Raw data ▸
Content starts
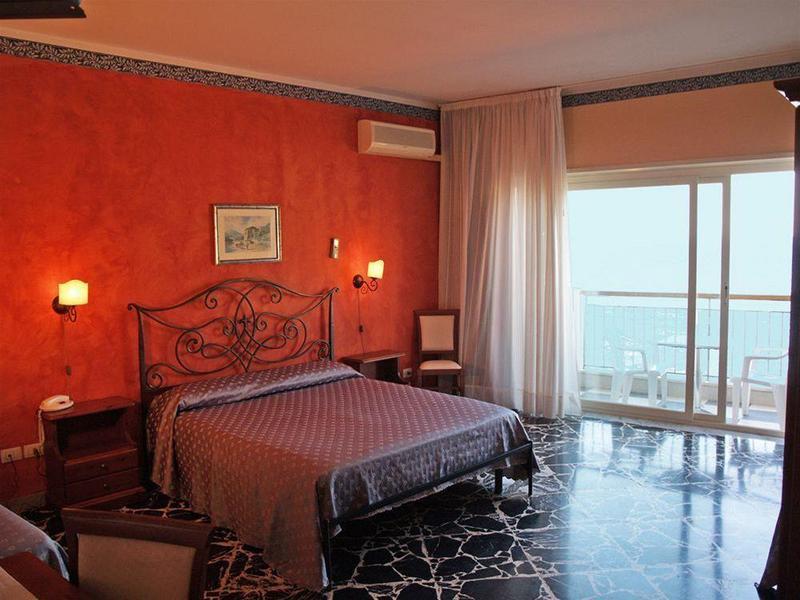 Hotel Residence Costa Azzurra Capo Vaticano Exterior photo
Content ends
Content starts
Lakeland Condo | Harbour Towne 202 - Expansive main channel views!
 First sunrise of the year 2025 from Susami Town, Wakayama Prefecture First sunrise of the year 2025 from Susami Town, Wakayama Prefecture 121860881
Content ends
Task brief ▸ Keeping every character as it is, restate the lines above that run from the line with "Lakeland Condo |" through the line with "Wakayama Prefecture 121860881", both included, and nothing else.

Response for this exercise ▸
Lakeland Condo | Harbour Towne 202 - Expansive main channel views!
 First sunrise of the year 2025 from Susami Town, Wakayama Prefecture First sunrise of the year 2025 from Susami Town, Wakayama Prefecture 121860881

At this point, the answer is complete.